CT collaborated in the R+D Keelbeman project to design and manufacture a keel beam section for the Airbus A320.

The KEELBEMAN project successfully concluded at the end of February 2020. Funded by the European Commission through the Clean Sky 2 Joint Undertaking under the EU Horizon2020 program, the goal of this project was the complete design and manufacture of a thermoplastic composite keel beam section for an Airbus A320-type aircraft to validate the technology at technology readiness level 3 (TRL3).

CT, a leader in providing technological and innovative engineering solutions for the entire product life cycle, carried out the keel beam redesign from metal to composite with no rivets, starting from the metallic baseline defined by Clean Sky 2 topic manager Airbus (Toulouse, France) and defined the architecture and thickness according to calculations from structural and manufacturing process analysis.

“The main challenge of the project was to understand the do’s and don’ts of thermoplastic processes and associated induction welding and to propose a technical solution that would have the least possible negative effect on manufacturing and assembly capacities. As for the lessons learned, we gained new skills in materials and processes related to thermoplastics, and we focused on improving manufacturability in order to find a balance between performance and cost”, explains Matthieu Merle.

To successfully complete this project, CT collaborated side by side with EURECAT, as project coordinator, CETMA, an R&D center highly specialized in composite processing and characterization and SOFITEC, a leading Spanish TIER 2 supplier for aerostructures. The multidisciplinary consortium addressed the design and manufacture of a full component via a keel beam section demonstrator, using thermoplastic matrix resin reinforced with carbon fiber. The use of manufacturing technologies with significant potential for automation has been explored and selected combinations have been demonstrated at TRL3.

CETMA was responsible for manufacturing the skins and the stringers of the keel beam section, by using a novel and fast continuous compression molding (CCM) process, one of the most promising for manufacturing very long thermoplastic composite parts.
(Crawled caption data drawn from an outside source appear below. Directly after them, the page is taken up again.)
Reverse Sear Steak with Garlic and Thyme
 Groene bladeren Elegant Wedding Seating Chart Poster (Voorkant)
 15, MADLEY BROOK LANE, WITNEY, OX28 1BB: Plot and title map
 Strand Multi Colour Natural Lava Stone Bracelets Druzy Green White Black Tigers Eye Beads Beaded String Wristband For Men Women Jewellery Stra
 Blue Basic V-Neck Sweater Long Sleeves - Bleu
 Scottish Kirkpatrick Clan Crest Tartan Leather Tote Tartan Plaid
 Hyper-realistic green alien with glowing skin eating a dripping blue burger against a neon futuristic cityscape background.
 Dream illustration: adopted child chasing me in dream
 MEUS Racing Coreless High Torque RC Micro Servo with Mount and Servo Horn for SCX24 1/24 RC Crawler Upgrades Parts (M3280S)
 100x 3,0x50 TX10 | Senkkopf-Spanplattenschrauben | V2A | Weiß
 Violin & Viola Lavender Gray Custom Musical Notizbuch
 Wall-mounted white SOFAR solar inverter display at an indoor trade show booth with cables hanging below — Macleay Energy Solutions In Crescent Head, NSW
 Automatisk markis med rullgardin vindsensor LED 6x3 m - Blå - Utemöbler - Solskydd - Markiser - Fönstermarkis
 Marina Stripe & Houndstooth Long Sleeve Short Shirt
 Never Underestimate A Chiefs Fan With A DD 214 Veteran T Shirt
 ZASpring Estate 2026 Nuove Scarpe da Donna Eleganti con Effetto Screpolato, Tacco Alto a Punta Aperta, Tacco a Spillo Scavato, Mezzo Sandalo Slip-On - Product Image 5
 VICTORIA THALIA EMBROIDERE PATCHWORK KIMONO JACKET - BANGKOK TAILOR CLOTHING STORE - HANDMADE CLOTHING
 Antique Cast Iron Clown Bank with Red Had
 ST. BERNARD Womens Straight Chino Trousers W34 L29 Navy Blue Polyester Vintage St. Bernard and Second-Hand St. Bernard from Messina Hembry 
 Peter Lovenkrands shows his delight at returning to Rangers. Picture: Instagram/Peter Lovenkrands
Stiffening ribs were produced using more conventional non-isothermal compression molding by the project coordinator EURECAT. Skins, stringers and ribs were assembled using CETMA’s patented induction welding technology.

On the other side, SOFITEC, a leading Spanish TIER 2 supplier for aerostructures, focused on the detailed definition and implementation of ultrasonic non-destructive inspection (NDI) of coupons, subcomponents and the final demonstrator, based on Airbus standards and the particularities of welded thermoplastic composite structures.